> Exercise prompt: In the records below, repeat word for word only the lines starting at the one that contains "Elektronische module PORSCHE" and ending at the one that contains "BIB: 26149, 26838, 0586, 26973", pictures excluded.

___ Records supplied

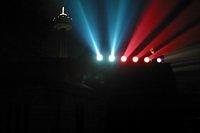 IMG_0100.JPG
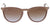 Lentes de Sol Ray Ban RB4171 Gris-Más Visión México
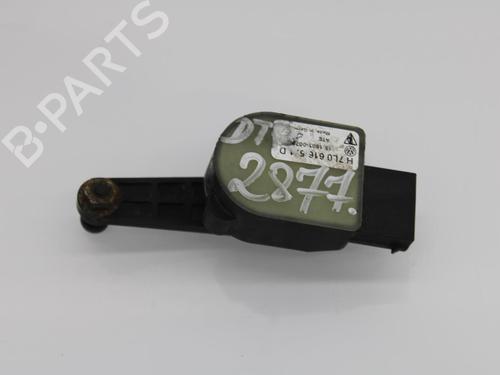 Elektronische module PORSCHE CAYENNE (9PA) S 4.8 (385 hp) 14174150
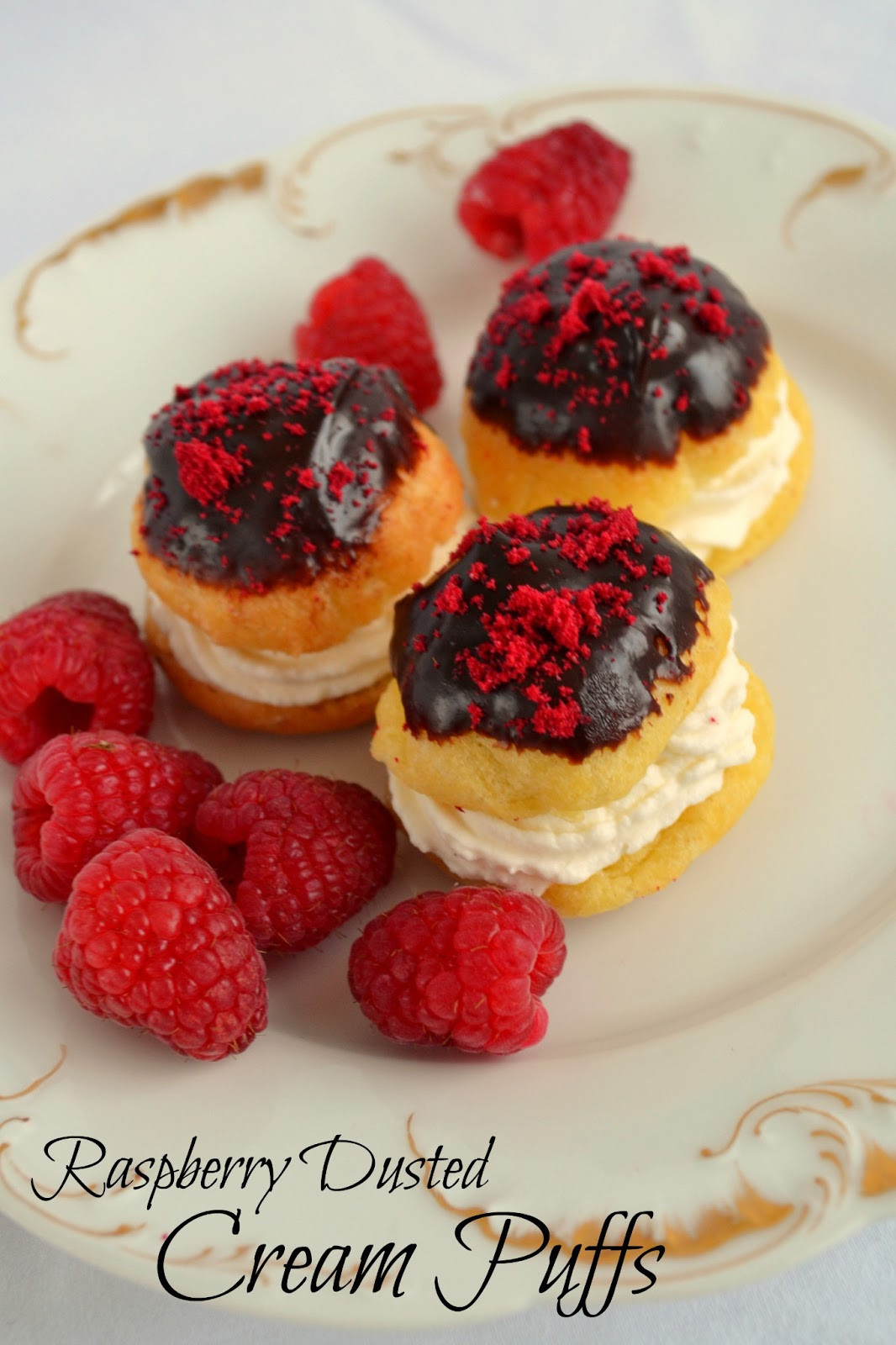 Valentine'S Day Dessert Recipes
 20 VALENTINES DAY DESSERT IDEAS Godfather Style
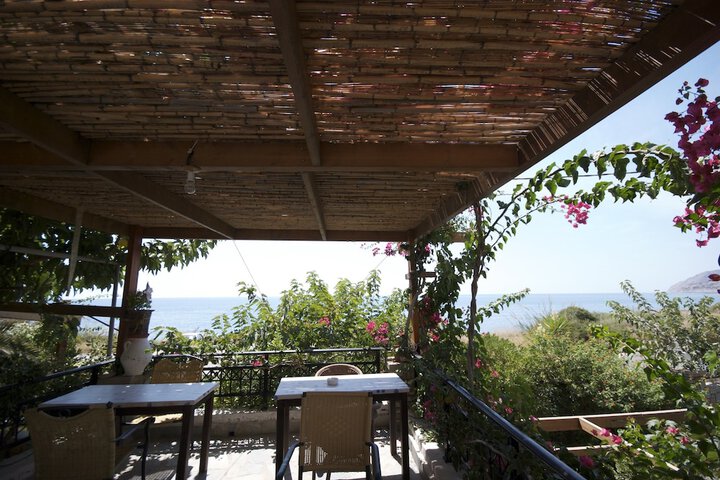 Terrace/Patio 53 of 59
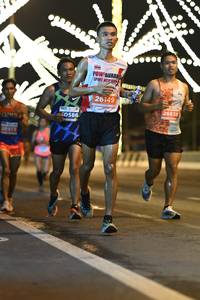 BIB: 26149, 26838, 0586, 26973
                            <button type="button" onclick="openModal(15278198)" class="btn btn-primary btn-sm float-right btn-popup" data-toggle="modal" data-target=".modal-high-quality">
                        <i class="fas fa-shopping-cart"></i> Add to Cart
                    </button>
                                            <button type="button" onclick="isThisMe(15278198, true)" class="btn btn-success btn-sm float-right btn-popup btn-isme hidden" data-toggle="tooltip" data-placement="bottom" title="นี่คือรูปของคุณใช่ไหม คลิกที่นี่เพื่อเอาเข้าอัลบั้ม">
                        <i class="fas fa-plus"></i> Add to album
                    </button>
                    <button type="button" onclick="isThisMe(15278198, false)" class="btn btn-warning btn-sm float-right btn-popup btn-isnotme hidden">
                        <i class="fas fa-ban"></i> Remove from album
                    </button>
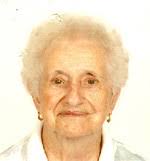 Rita M Perry Obituary January 19, 2018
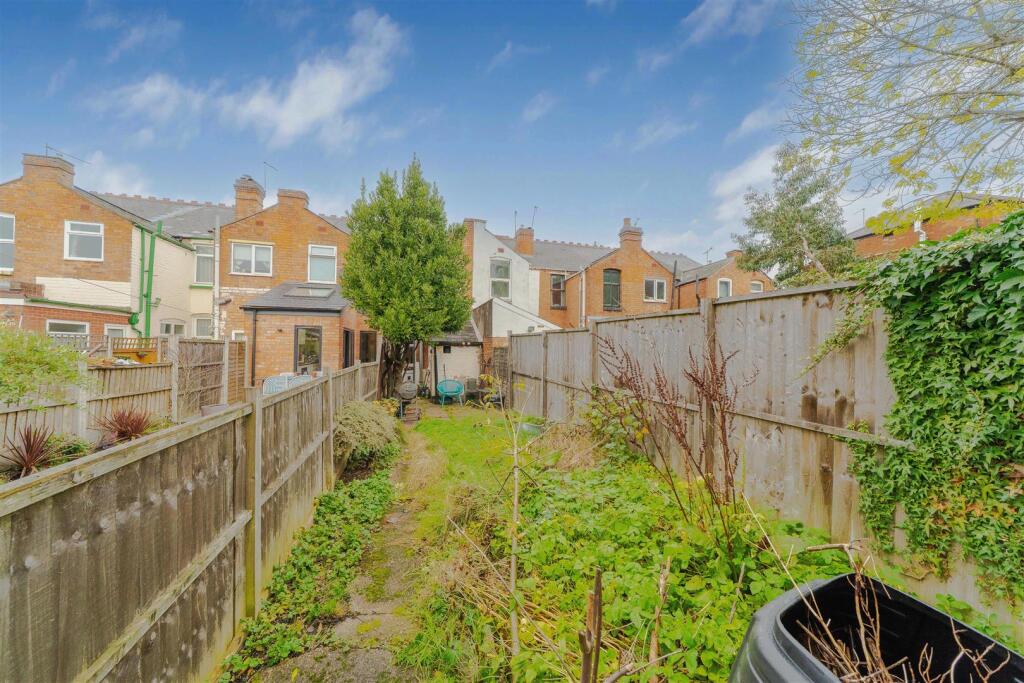 Additional image 18 of Bank Street, Kings Heath, Birmingham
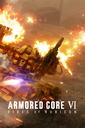 Filename=Armored_Core_6-4.png
Filesize=772KiB
Dimensions=600x900
Date added=Aug 21, 2023 Armored_Core_6-4.png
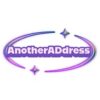 AnotherADdress(アナザーアドレス)クーポン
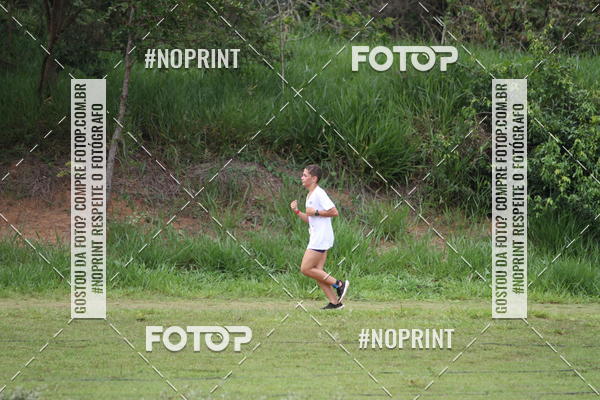 Buy your photos of the eventSUPER TRIATHLON SO CARLOS 2019  on Fotop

______

> Output of the exercise:
 Elektronische module PORSCHE CAYENNE (9PA) S 4.8 (385 hp) 14174150
 Valentine'S Day Dessert Recipes
 20 VALENTINES DAY DESSERT IDEAS Godfather Style
 Terrace/Patio 53 of 59
 BIB: 26149, 26838, 0586, 26973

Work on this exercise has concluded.